What timber would be best for the slats, i was thinking 70 or 90x19 Merbau which is about $4 a metre. Would this be a good option? Also what would be the best way to attach the slats to the posts?
Thanks

----------


## Bloss

Simply build out the narrower post by adding another piece of timber to the face you want to put the slats onto. That is a 75x25 or 75x30 (whatever is the thickness you need to make up. If this is to be painted then primed HW or treated pine or if stained or plain then match the timber as best you can. 
The merbau will be fine - 70 or 90 really a matter of aesthetic choice - the thinner look or wider. Both widths will sag - the 90mm will sag less and take longer to be noticeable - but it still will sag.

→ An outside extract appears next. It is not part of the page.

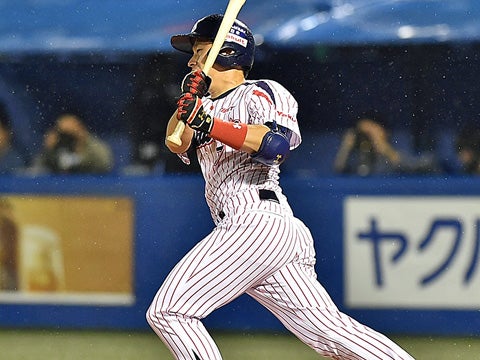 代打でタイムリー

Over 1.8 mm they will both need some centre support - either a piece of timber of a length of 25x25mm rhs steel. Doesn't need to be much - it is simply to stop the sag in the middle. Even a piece of the same timber as the slats if you don't mind having a break in the visual line of the gaps in the centre. But it could be a piece of something  smaller - say 30x19.

----------


## brisvegas

We're probably going to get the timber tommorow, Any other options other than Merbau? We want something thats relatively easy to work with but also very durable, Will be stained every 12-24months. Cheers

----------


## Lammy

If your going to stain it then have a think about (hard wood floor boards - jarrah) from a salvage yard. Just cut off the tougne n groove and there you have it, good solid timber, recycled and cheap too.

----------


## Peaceful L/S

To get a flush look with these offset posts you would need to house the slats on the back of one post and the front of the other. To attach them, use screws and countersink them.

----------


## brisvegas

We bought 25 2.1 metre lengths of 70x19 Balau, Stained it with clear finish and it looks fantastic, Will try and put it up towards the end of next week.

----------


## brisvegas

Just finished putting up the screen, Still thinking about what to do up the top and we will put the brace piece in tommorow, Im pretty happy with it, You''d be surprised how hard it is to hold and screw a piece of 70x19 Balau up yourself.
Heres some piccies

----------


## shammo

good job!! 
looks like you forgot to seal the ends though!

----------


## d00biez

great job man looks nice. 
i just thought of one thing for future reference re holding the slats in place while you fasten them- when i did my screen (3m wide with 4 posts left to right) i used small offcuts of the slats (90mm) as spacers and then used 3 quick grip vices to hold each slat in place and put a few small brad nails via nail gun into the slat at each post. that kept them up while i drilled the holes and put the screws in. you cant see the brads at all and the vices also come in handy for slats that are warped vertically, you can use the spacers in between the slat then clamp the warped piece down towards the previously fastened slat and it will be straight as a die (sortve!) 
cheers

----------